С этой точки зрения научный прогресс был не постепенным, прогрессивным движением к «истине», а скорее успешно совершенным изменением ранее господствовавшего мировоззрения. Порой, как в случае Альберта Эйнштейна и Нильса Бора, это принимало форму настоящей революции, по сути переворачивавшей с ног на голову всё принятое ранее.
Новое мировоззрение, инициированное Эйнштейном в его публикациях 1905 года, требовало фундаментального изменения собственных привычек восприятия, опыта и самопонимания. Очень напоминает bonmot[105] Пабло Пикассо, который в 1905 году в ответ на жалобу писательницы Гертруды Стайн, что написанный им портрет совсем не похож на нее, сказал: «Когда-нибудь будет похож».
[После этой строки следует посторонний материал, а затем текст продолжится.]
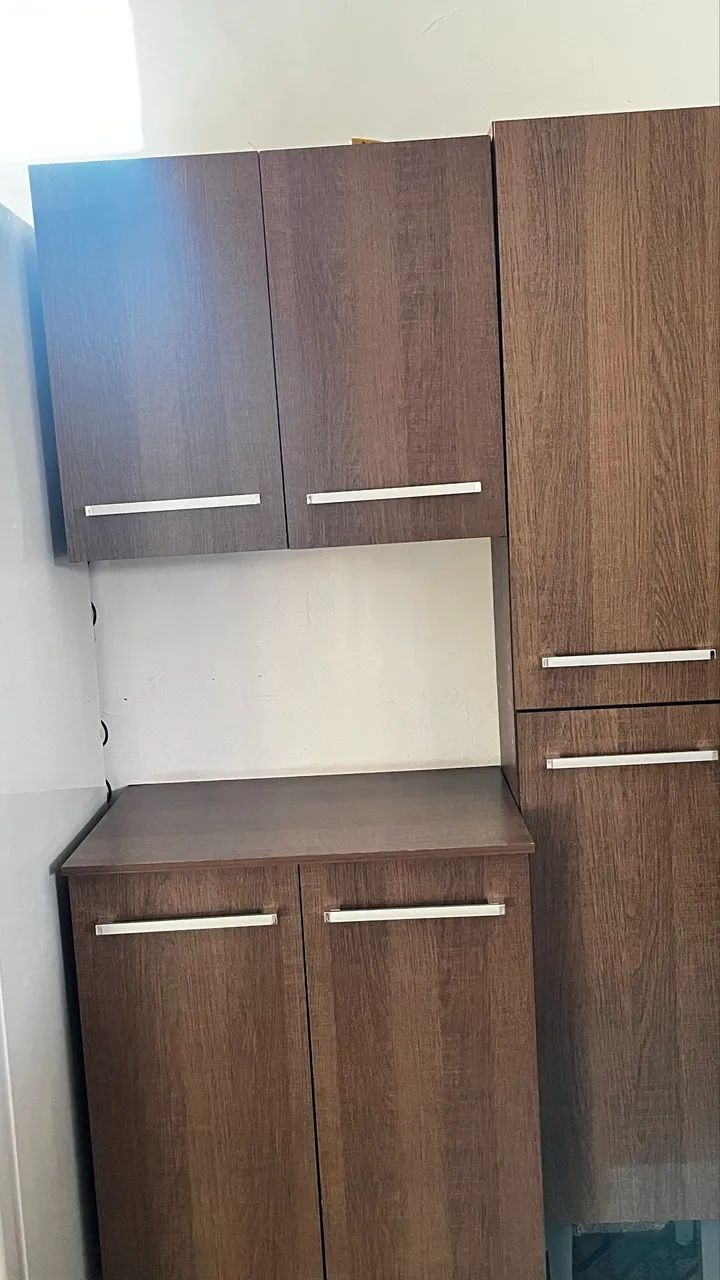 Armário de cozinha  - Foto 4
Только Фейерабенд не был до конца уверен в своей позиции. Но для начала она звучала хорошо, а также имела то преимущество, что вызывала сопротивление и эмоциональную реакцию в Венском кружке, который только начинал набирать обороты. Значит, все-таки похожи.
В любом случае его так называемая повседневная жизнь требовала от Фейерабенда скорее нетрадиционного прагматизма, чем строгого следования устоявшимся стандартным методам. Он по-прежнему живет с овдовевшим отцом, который раз в неделю собирает все имеющиеся в доме продукты в корыто для стирки, варит из них суп и питается им следующие семь дней.
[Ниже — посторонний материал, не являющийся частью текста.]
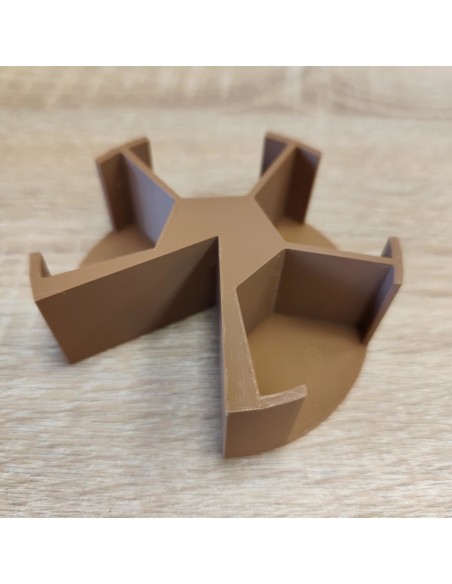 Wiatrakowo - Organizer na kafelki ulepszeń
Супружеские пары имеют самый высокий шанс получить квартиру. Вот почему Пол и Эдельтруд – студентка этнологии, которая также долгое время искала жилье, – быстро решили заключить союз в пользу более свободной жизни. Будучи открытыми новому опыту, эти двое желали оставаться такими же, какими они встретились и влюбились друг в друга на свежем летнем воздухе Альпбаха. Эдельтруд (которая предпочитает, чтобы ее называли Жаклин) работала там секретарем по иностранным языкам для студентов.
Единственное, в чем венская студенческая молодежь в те годы не испытывает повседневного недостатка, – это стремление экспериментировать с телом. Поэтому у высокого обаятельного Пола Фейерабенда «вопрос секса, конечно, никуда не исчезал» [106]. При условии, что его встречи, несмотря на ограничения, вызванные военным ранением, всё же оканчивались в постели:
…случайно или по причине того, что моя страсть делала меня неудержимым, я тщательно запоминал каждое движение и каждый звук, который я слышал, и пытался дать удовлетворение способами, отличными от обычной процедуры (если мы предположим, что такая стандартная процедура существует) [107].
Эффекты загрязнения.
От друга-коммуниста Фейерабенд, страстный любитель оперы и театра, узнает о скором приезде Бертольта Брехта в Вену. Брехта пригласил Бургтеатр для постановки его пьесы «Мать» с Хеленой Вайгель в главной роли. Основанная на романе Максима Горького, пьеса прослеживает превращение молодой, неблагополучной и недовольной рабочей женщины в уверенную в себе убежденную коммунистку. По сути, это был тот самый тип идеологического назидания, о котором Фейерабенд составил окончательное, как ему казалось, мнение много лет назад в Веймаре. Только это произведение было написано Брехтом.
Уже будучи постоянным посетителем Бургтеатра, где он иногда брал уроки вокала под аккомпанемент фортепиано Ганса Эйслера, Фейерабенд добился разрешения присутствовать на репетициях. Там он лично общался с Брехтом. Очень скоро Фейерабенда стало раздражать «групповое давление людей, окружавших Брехта, – отчасти трепетно относившихся к нему, отчасти ему преданных, и уж точно напористых и крепко связанных между собой» [108]. Всё было сосредоточено на мастере, на его жалобах и указаниях, даже если они касались незначительных деталей. «Это была странная встреча. Актеры стояли тут и там, в то время как Брехт сетовал на цвет какого-то горшка» [109].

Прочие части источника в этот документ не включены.